The minutes of the September Federal Open Market Committee meeting were released today and the differences among the members could not be clearer. From the hawks, “A few participants referred to historical episodes when the unemployment rate appeared to have fallen well below its estimated longer-run normal level. They observed that monetary tightening in those episodes typically had been followed by recession and a large increase in the unemployment rate.” The doves responded, “others judged this historical experience to be of limited applicability in the present environment because the economy was growing only modestly above trend, inflation was below the Committee’s 2 percent objective, and inflation expectations were low–circumstances that differed markedly from those earlier episodes.”

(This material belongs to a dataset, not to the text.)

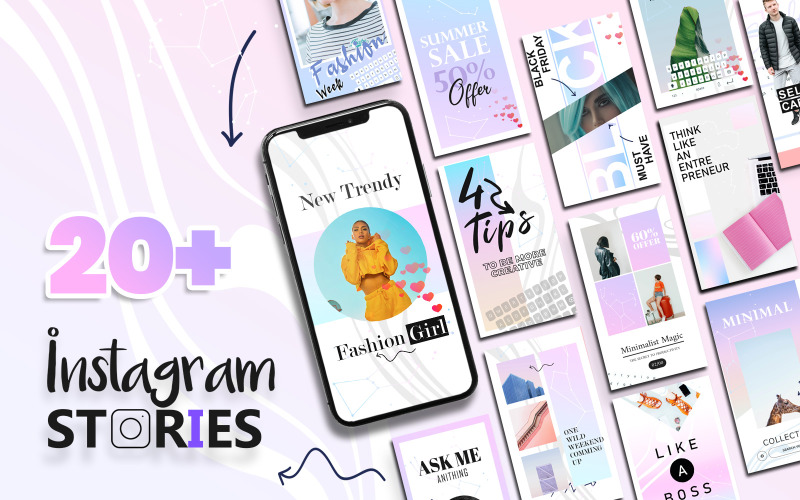 Download Шаблон для соцсетей "Instagram Stories Social Media Template" / Instagram Stories Social Media Template - Шаблон для соцсетей на тему графика instagram,stories,social,media,templates,post,banner,story,creative,modern,fashion,blog,magazine,template,promotion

Once again, the data seems to be on the doves side. The September unemployment rate actually moved back up to 5% primarily due to more workers re-joining the labor force. This is evidence that there is still some slack in the jobs market which reduces the chances for an overheating economy and rapid inflation, the hawks’ perpetual fear. The doves see no reason to raise rates when the labor force participation rate is growing and there are potentially millions of unemployed workers out there who could re-join the jobs market. With inflation still running below the Fed’s 2% target, the doves would much prefer to focus on the agency’s often-forgotten second mandate – full employment.
As Tim Duy points out, the current makeup of
the voting members of the FOMC are overwhelmingly in the dove camp. There is still a lot of data to absorb between now and the meeting in December but if they data continues to show a growing labor force and below-target inflation, the expected rate hike may even be in doubt. As Duy says, the doves “want to let this rebound run for as long as possible”.